— DATA TO USE —
*** Block opens ***

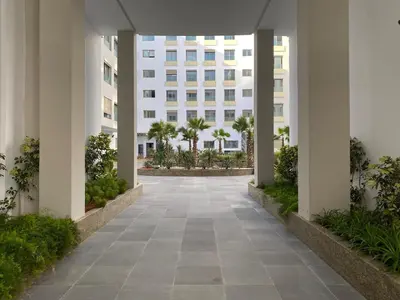 a walkway leading to a building with palm trees at Anfa Living 11 - Classy & Élégant near the Sea in Casablanca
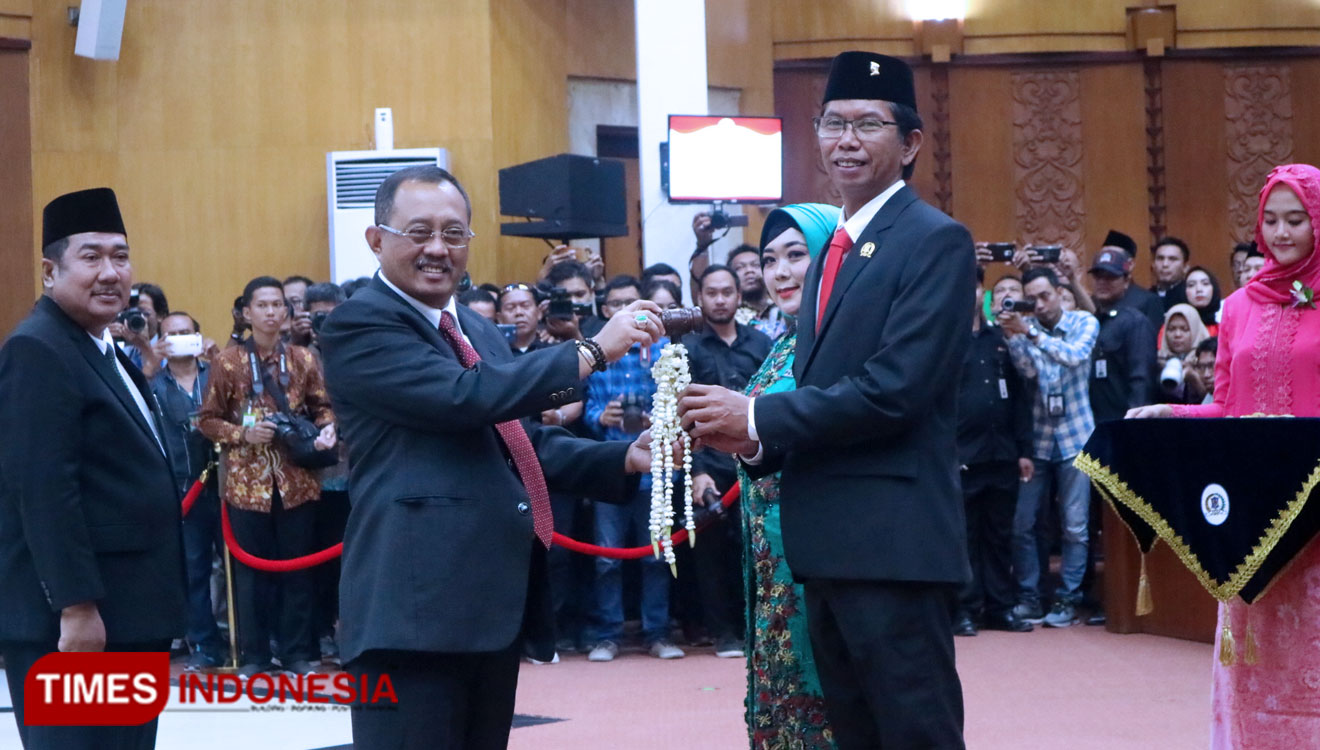 Armuji (kiri) menyerahkan palu sidang kepada Dominikus Adi Sutarwijono (kanan), Ketua DPRD Kota Surabaya sementara, Sabtu (24/8/2019).(Foto : Lely Yuana/TIMES Indonesia).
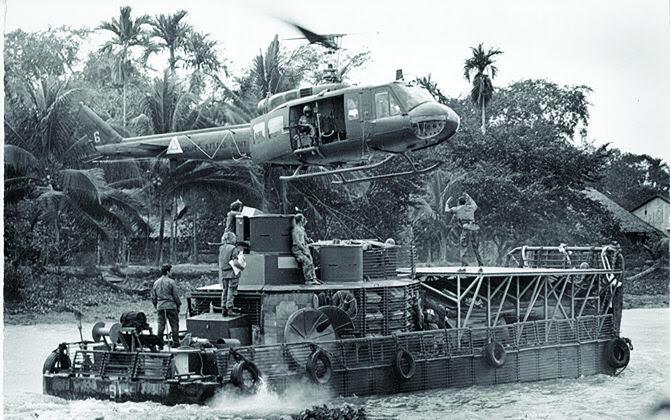 A medical evacuation helicopter, landing on Houp’s small flattop to take the wounded to medical care.’ The majority of the time, we could wait until we reached a somewhat larger stream as depicted here,’ he said. ‘There were, however, times these brave helicopter crews came in during action to get our wounded to the care they needed to survive.’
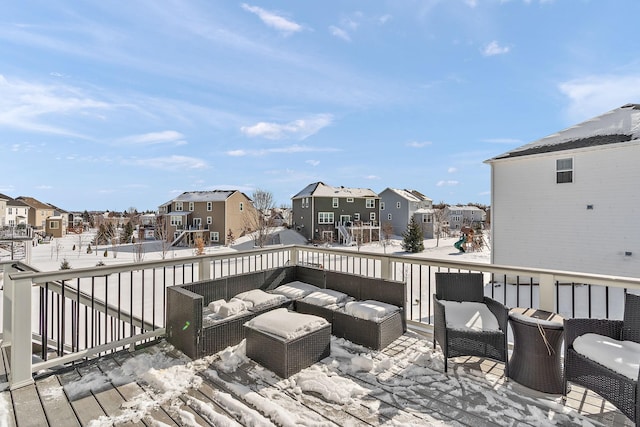 wooden terrace featuring a residential view, outdoor lounge area, and a playground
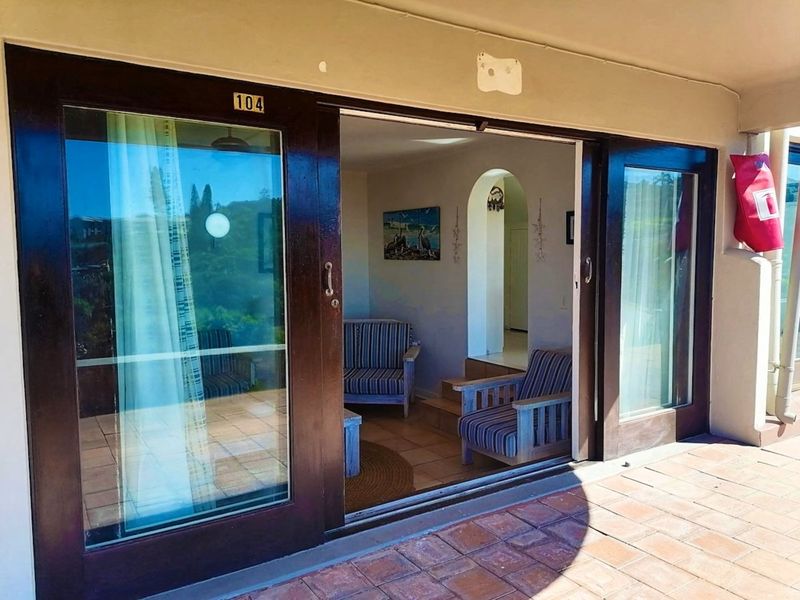 A covered patio area featuring tiled flooring and large sliding glass doors providing access to the interior living space.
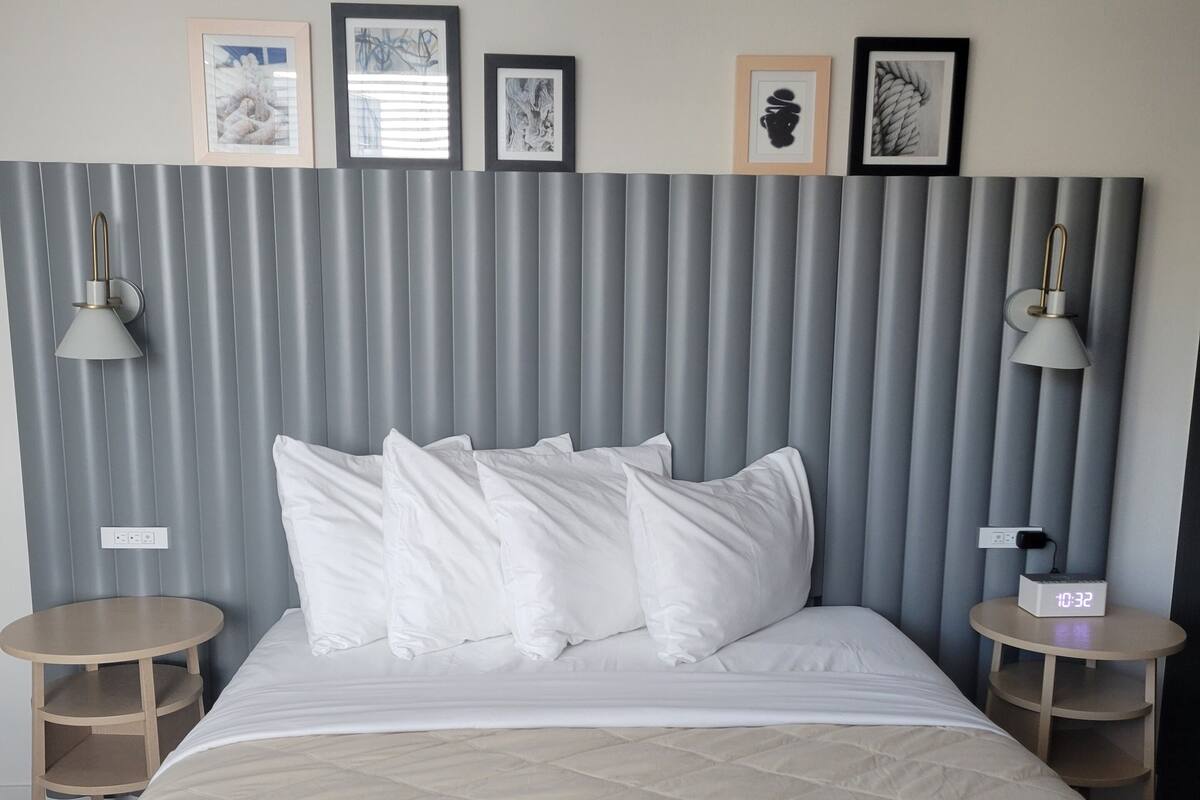 A bed with a quilted headboard, two bedside tables, and four framed pictures on the wall.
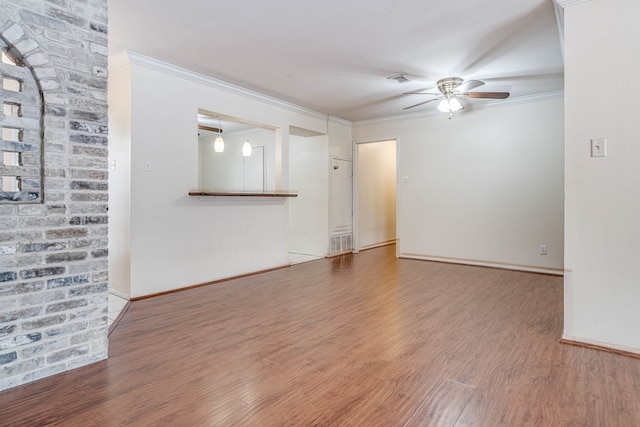 spare room featuring ceiling fan, hardwood / wood-style flooring, and crown molding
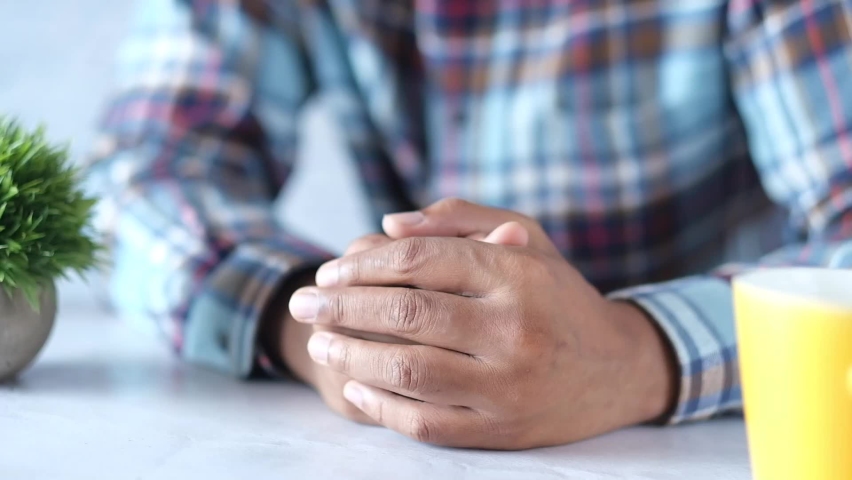 a nervous young man hand 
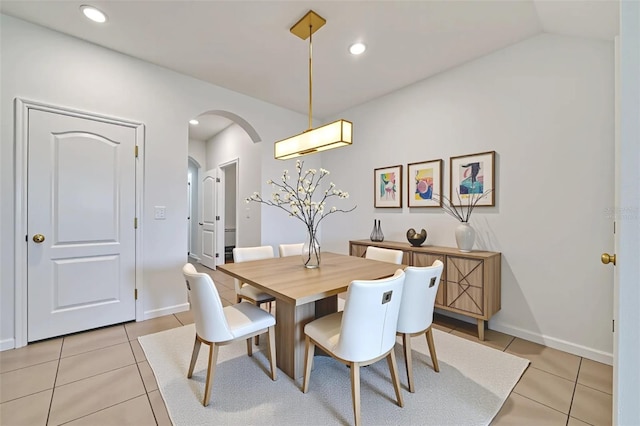 200 Feltrim Reserve Blvd, Davenport, FL 33837 - dining area featuring light tile patterned flooring, arched walkways, vaulted ceiling, and recessed lighting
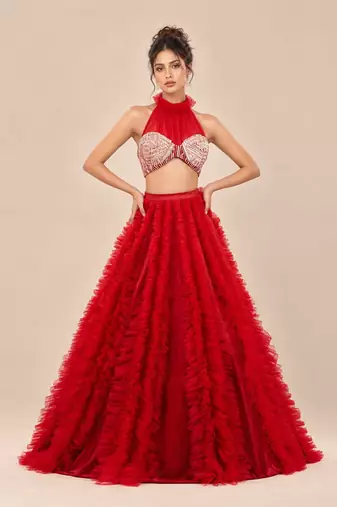 Red Embroidered Mashru Silk Blouse With Ruffle Lehenga And Potli Bag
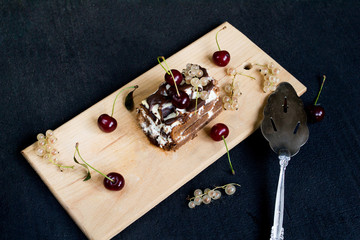Top view of a slide of chocolate cake with a cherry on a black background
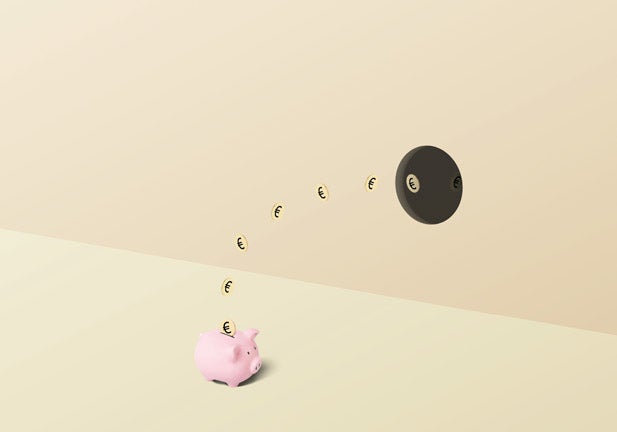 Pink piggy bank with gold euro coins falling into it from a hole in the wall on a split colored yellow golden background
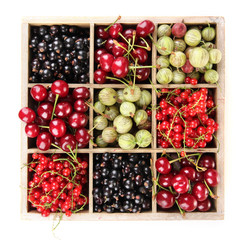 Different summer berries in wooden crate isolated on white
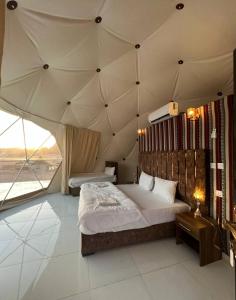 um quarto com uma cama grande numa tenda em Sunset colors camp em Wadi Rum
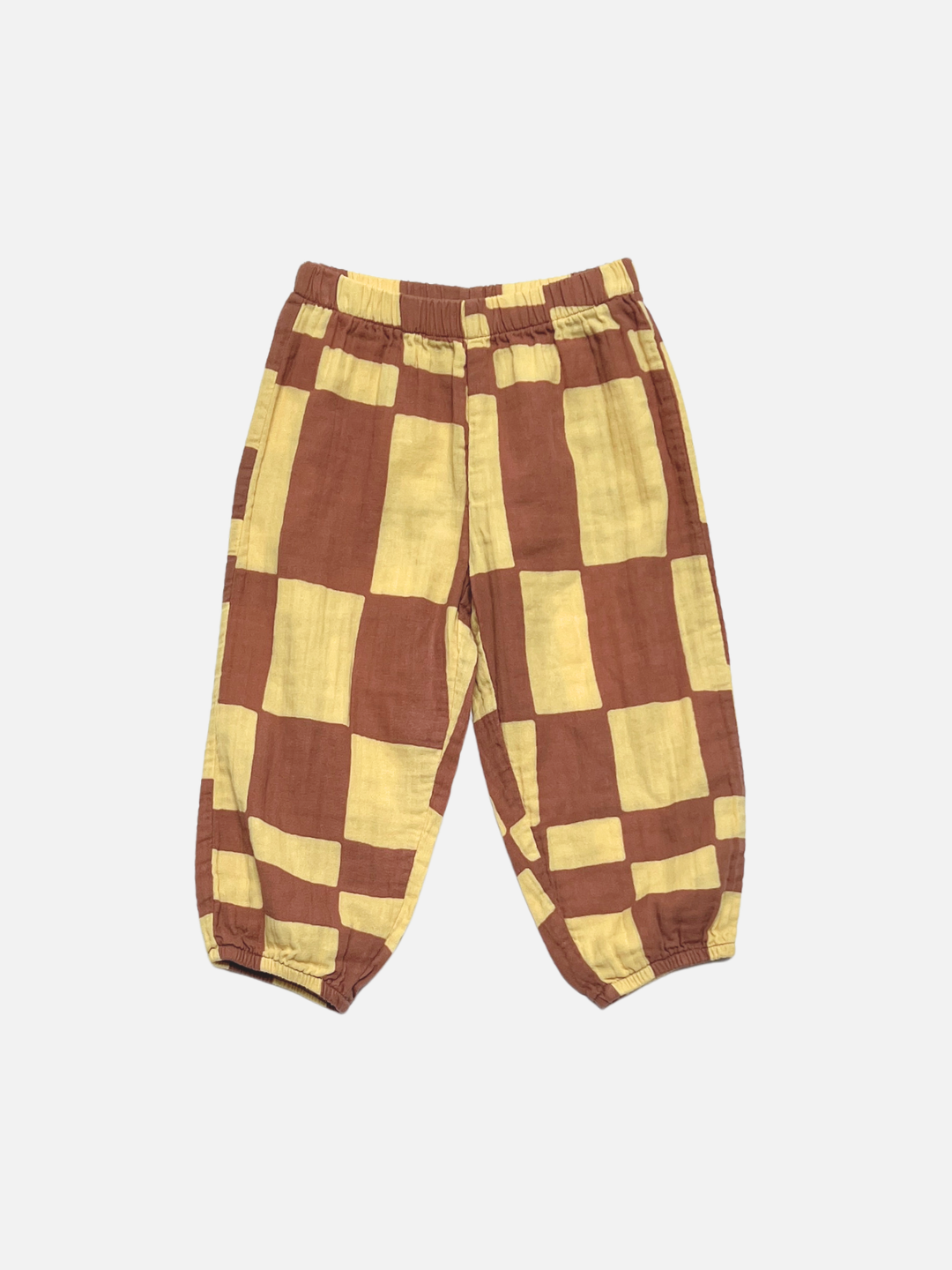 Yellow Checkers | The MUSLIN PULL ON PANT features a loose fit, elastic waistband and cuffs, and a bold Yellow Checkers print on lightweight fabric, shown against a plain white background.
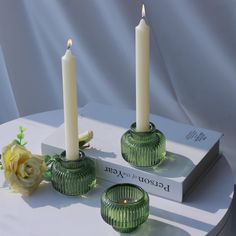 two candles are sitting on a table next to a book and flower arrangement with a rose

*** Block closes ***

— WHAT IS REQUIRED —
Every line from the one with "A bed with a" through the end of the records above belongs in the answer, copied exactly; no picture does.

— EXPECTED OUTPUT —
 A bed with a quilted headboard, two bedside tables, and four framed pictures on the wall.
 spare room featuring ceiling fan, hardwood / wood-style flooring, and crown molding
 a nervous young man hand 
 200 Feltrim Reserve Blvd, Davenport, FL 33837 - dining area featuring light tile patterned flooring, arched walkways, vaulted ceiling, and recessed lighting
 Red Embroidered Mashru Silk Blouse With Ruffle Lehenga And Potli Bag
Top view of a slide of chocolate cake with a cherry on a black background
 Pink piggy bank with gold euro coins falling into it from a hole in the wall on a split colored yellow golden background
 Different summer berries in wooden crate isolated on white
 um quarto com uma cama grande numa tenda em Sunset colors camp em Wadi Rum
 Yellow Checkers | The MUSLIN PULL ON PANT features a loose fit, elastic waistband and cuffs, and a bold Yellow Checkers print on lightweight fabric, shown against a plain white background.
 two candles are sitting on a table next to a book and flower arrangement with a rose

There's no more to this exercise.